The ballot initiative is being driven by a group called Protect Animals from Unnecessary Suffering and Exploitation (PAUSE). If passed into law, it would see the state set a minimum slaughter age for livestock and make artificial insemination illegal. The proposed measure, known as “Initiative 16” but mostly referred to as PAUSE, would be on the November 2022 ballot if they can get the required signatures. The closely watched effort is viewed by the livestock industry as both ridiculous and dangerous.
The initiative would remove the livestock exemption in state statute for animal cruelty and expands the definition of a sex act with an animal. The new language would ban slaughter for animals that have lived less than a quarter of their “natural” lifespans, which are defined as 20 years for a cow, 15 for a pig, eight for a chicken, six for a rabbit. That means five years for cattle, even though the typical practice is to slaughter beef cattle at 2 years, which is when they are considered mature. Experts say the estimated lifespans used are wildly inaccurate.
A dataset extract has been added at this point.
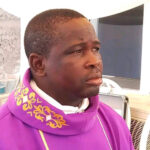 Rev Fr John Otache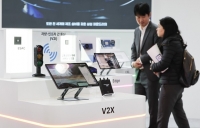  곽노정 SK하이닉스 대표 금탑산업훈장 수훈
According to James Pritchett, Dean of the Colorado State University College of Agricultural Sciences, says slaughtering more mature animals reduces the quality of meat – especially tenderness – that consumers and cattle buyers demand. So slaughtering 5-year-old animals essentially removes Colorado cattle from the marketplace. Pritchett adds, “It is more expensive to raise older cattle relative to their value, and this is true of other species whose natural lifespans have been falsely inflated under the measure.”
The new language also redefines “sex acts” to include “any intrusion or penetration, however slight, with an object or part of a person’s body into an animal’s anus or genitals.” This would effectively criminalize widely accepted animal husbandry practices such as spaying, neutering, birthing assistance, embryo transfers, and artificial insemination, among others. Meaning routine reproductive management practices would be considered a criminal sex act with an animal.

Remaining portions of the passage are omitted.